Knowing this would be an incredible opportunity to meet one of the few real women in rock ‘n roll, on four hours of sleep, I arrived at the Borders in Westlake at 7:20AM for the 9AM ticket giveaway. At 11:30 I returned and, a little while later, the store’s security guard began to give instructions: line up in ticket order number (mine was 17), do not take any photos and only books will be signed, nothing else. By this point my iPhone and all its apps began to bore me, so I started chatting up with the other people in line. I also saw a woman, seated on a store bench next to where I was standing, signing two books.
I immediately struck up a conversation with the woman who turned out to be Deanna R. Adams, also a writer and author of “Rock ‘N’ Roll and the Cleveland Connection”, a 624 page historical dissection of Cleveland’s musical roots – including Trent Reznor, Joe Walch and The Dead Boys. She’s even had the pleasure of interviewing Pat Benatar’s husband, guitarist and producer Neil “Spyder” Giraldo, a local native from Parma.
“It was easy to connect with him. I interviewed him in 97 or 98. He answered (the call). He was open and easy to talk to. Pat was out of town. He was watching his kids. At one point he even said, ‘My daughter is getting into something.’ He was friendly, sociable and open.” He gave her an hour of his time, which was more than what she expected, and he elaborated on his answers. “His first band, Lover’s Lane, used to perform at the (now closed) Viking Saloon (here in Cleveland). He talked about his early days, including taking guitar lessons and about his uncle who had rock albums and took him to concerts, influencing him.”

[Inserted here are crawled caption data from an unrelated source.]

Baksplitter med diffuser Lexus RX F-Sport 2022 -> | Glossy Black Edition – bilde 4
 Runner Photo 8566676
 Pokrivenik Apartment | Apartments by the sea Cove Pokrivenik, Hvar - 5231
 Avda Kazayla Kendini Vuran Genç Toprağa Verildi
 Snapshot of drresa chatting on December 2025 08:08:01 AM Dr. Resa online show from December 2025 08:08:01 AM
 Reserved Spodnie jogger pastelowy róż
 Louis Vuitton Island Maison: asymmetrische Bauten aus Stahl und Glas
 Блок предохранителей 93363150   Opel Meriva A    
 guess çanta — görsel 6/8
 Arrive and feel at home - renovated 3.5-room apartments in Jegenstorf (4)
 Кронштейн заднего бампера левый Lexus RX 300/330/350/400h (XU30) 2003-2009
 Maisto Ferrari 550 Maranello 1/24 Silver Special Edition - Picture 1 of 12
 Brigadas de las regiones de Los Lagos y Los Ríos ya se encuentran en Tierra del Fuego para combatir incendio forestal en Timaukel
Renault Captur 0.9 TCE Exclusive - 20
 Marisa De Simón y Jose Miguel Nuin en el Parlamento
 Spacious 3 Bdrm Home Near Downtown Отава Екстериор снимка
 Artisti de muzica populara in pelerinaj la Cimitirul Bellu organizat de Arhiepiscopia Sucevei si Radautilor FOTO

Adams’ favorite story is retelling how Neil met Pat Benatar. “In the early 70’s he started playing outside of Cleveland. He went to NYC where he toured with Rick Derringer. Then, just as he was supposed to return home, he received a call from a Chrysalis Records A&R man looking for guitarist for female singer. Spyder agreed to do the audition. The rest is history. He and Pat clicked right away. He really liked the fast energy of the punk bands. She was more contemporary and pop so it was nice medium.“
Pat discusses the same story in her book, in the very first chapter, and attributes her long lasting career to this union. This is what makes her so unique. While Debbie Harry and Chris Stein had an on again and off again relationship and while Akron’s own Chrissie Hynde has been married and divorced from several rock stars, Benatar met her life’s love early and, over the past thirty years, not only have they maintained a solid union, but they also raised two daughters. The Queen of Rock ‘n Roll figured out how to do both: superstar success in her craft and a healthy, happy and private personal life.
As I finally approached Benatar in the bookstore that day, and saw her – petite, pretty and content – my heart escalated. And, when she shook my hand and smiled, I saw the woman behind all those videos, all those songs and all those empowering lyrics. I saw a woman who has, in fact, done it all, successfully, massively and on her own terms. Perhaps a certain Hall of Fame will finally take notice.